Data for review =
:::

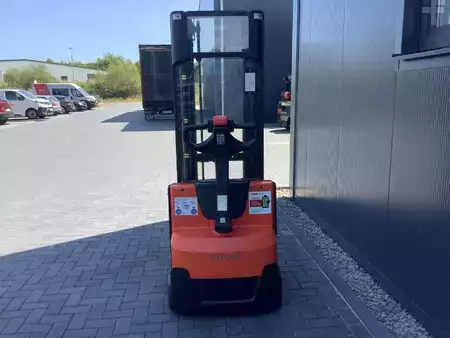 Hochhubwagen 2017  Toyota SWE120L (7)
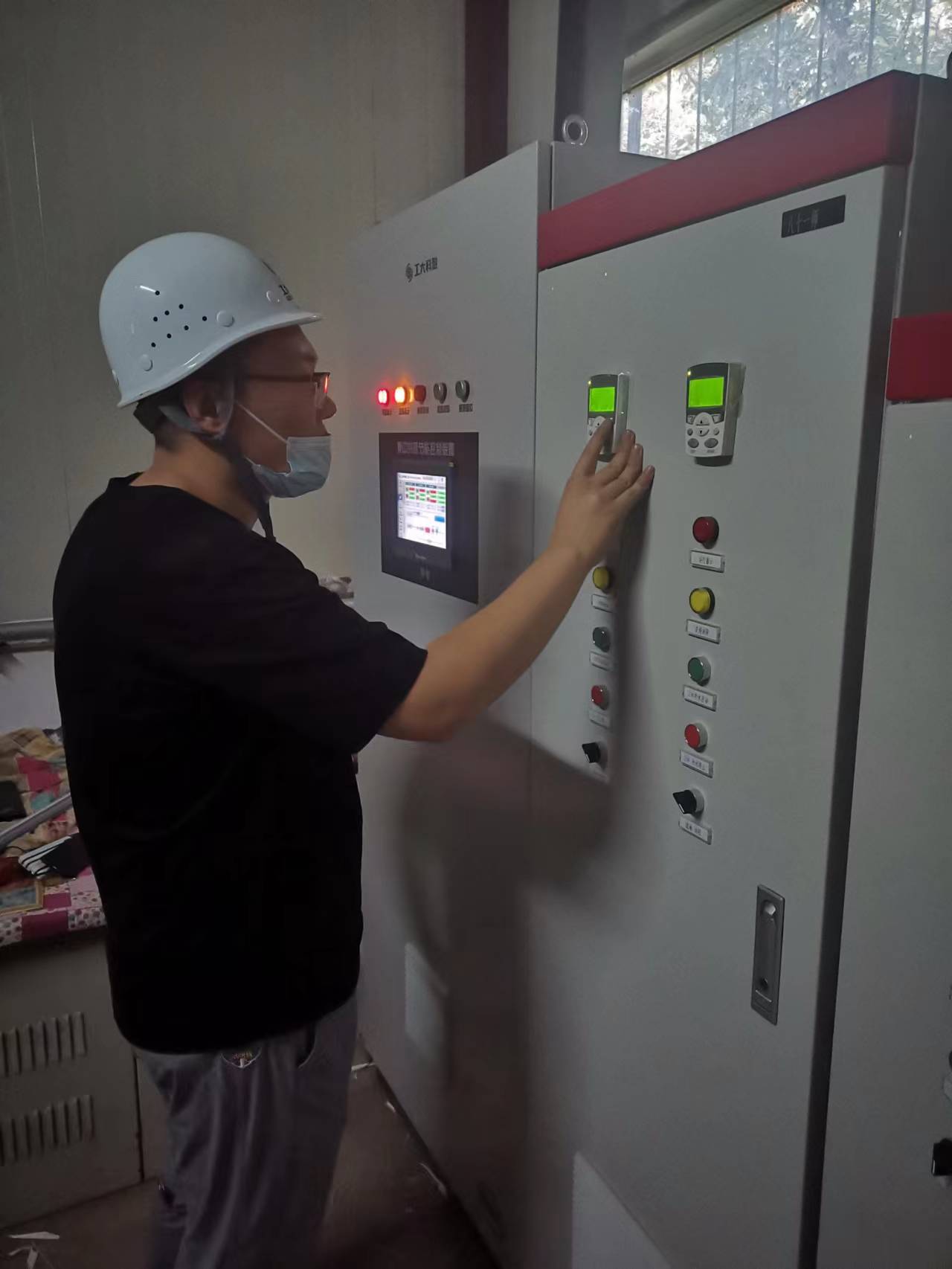 【国庆坚守，，，，，，，，现在我在岗】必威官方首页官网人全力备战今冬供暖（三）(图1)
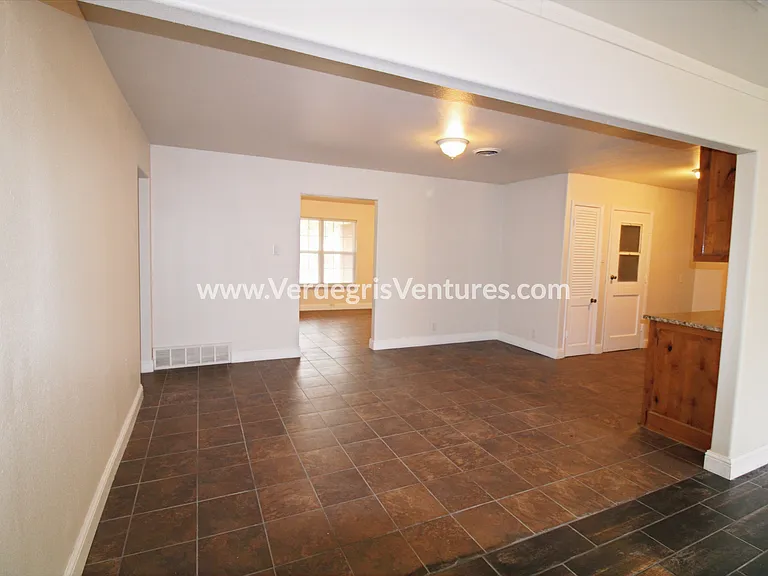 5833 Westhaven Dr — Photo 6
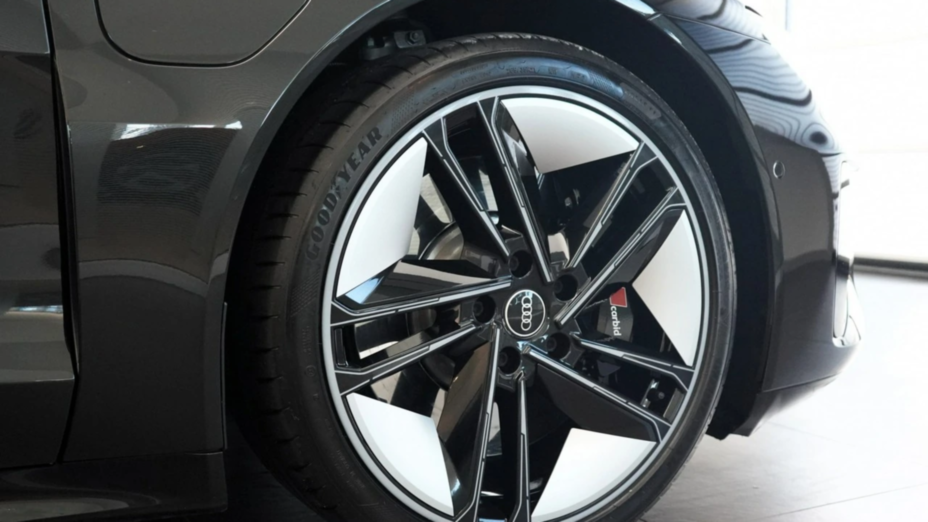 AUDI e-tron GT e-tron GT 60 93kWh Quattro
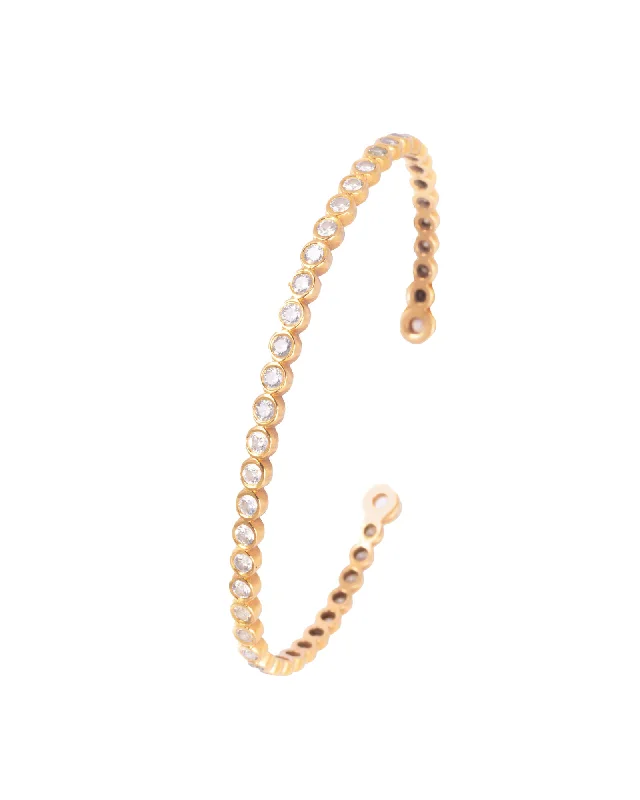 Rigid 18K Gold, Whitegold or Rosegold Bracelet w. Diamonds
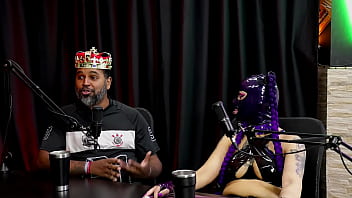 Sempre escutou falar do sadomasoquismo teve sua primeira experiência com podolatria contou como se conheceram e a relação funciona madame agatha e jeff negão rei das entrevistas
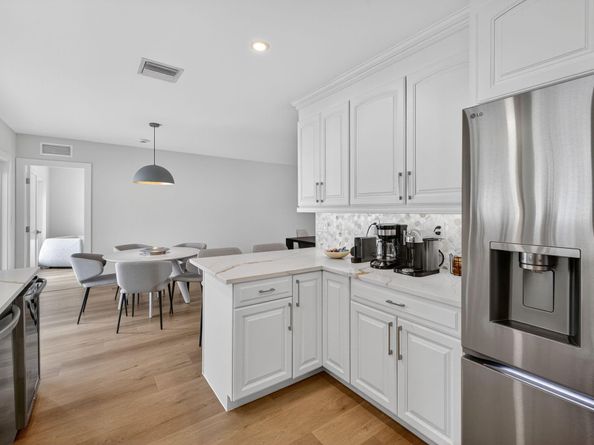 5950 NE 28th Avenue, Fort Lauderdale FL 33308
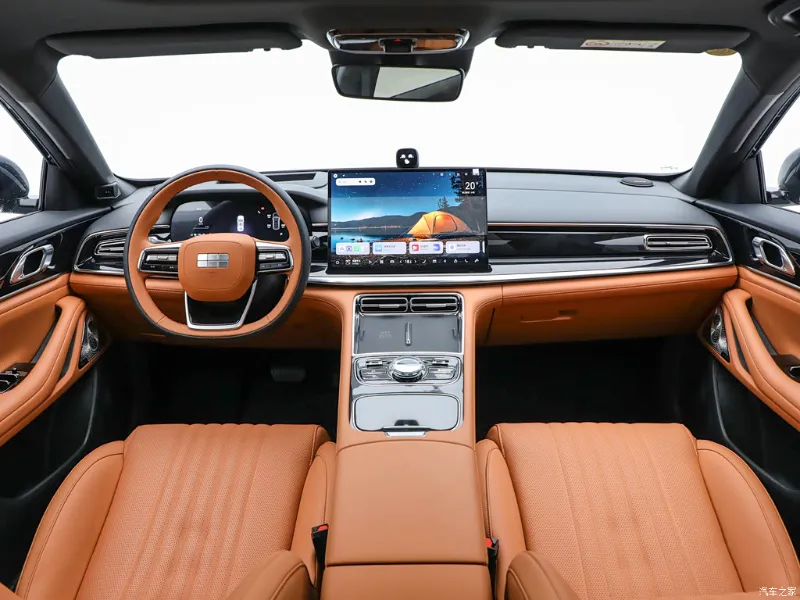 Geely Galaxy Star 7 — передняя панель и мультимедиа, фото 1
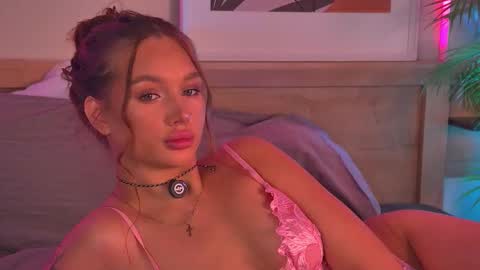 Snapshot of violaflirt chatting on 10/24/25, 05:04 violaflirt online show from 10/24/25, 05:04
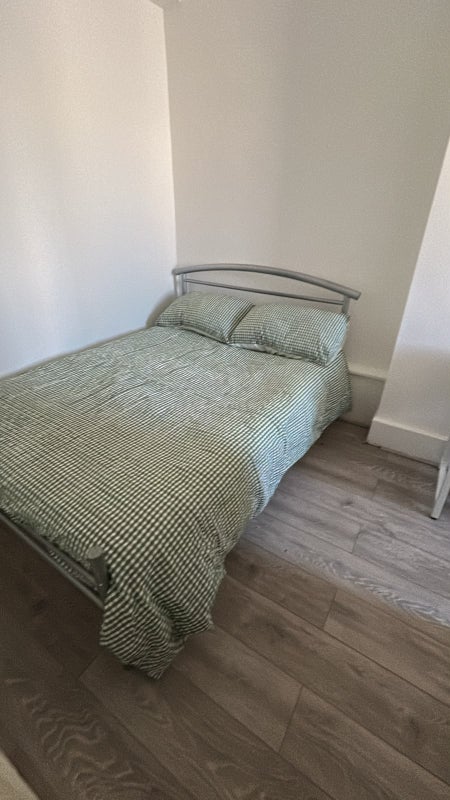 Photo 1: 700pcm furnished as in pictures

:::

Work instructions =
Working from the material above, transcribe it exactly while omitting pictures.

Answer for the task =
 Hochhubwagen 2017  Toyota SWE120L (7)
 【国庆坚守，，，，，，，，现在我在岗】必威官方首页官网人全力备战今冬供暖（三）(图1)
 5833 Westhaven Dr — Photo 6
 AUDI e-tron GT e-tron GT 60 93kWh Quattro
 Rigid 18K Gold, Whitegold or Rosegold Bracelet w. Diamonds
 Sempre escutou falar do sadomasoquismo teve sua primeira experiência com podolatria contou como se conheceram e a relação funciona madame agatha e jeff negão rei das entrevistas
 5950 NE 28th Avenue, Fort Lauderdale FL 33308
 Geely Galaxy Star 7 — передняя панель и мультимедиа, фото 1
 Snapshot of violaflirt chatting on 10/24/25, 05:04 violaflirt online show from 10/24/25, 05:04
 Photo 1: 700pcm furnished as in pictures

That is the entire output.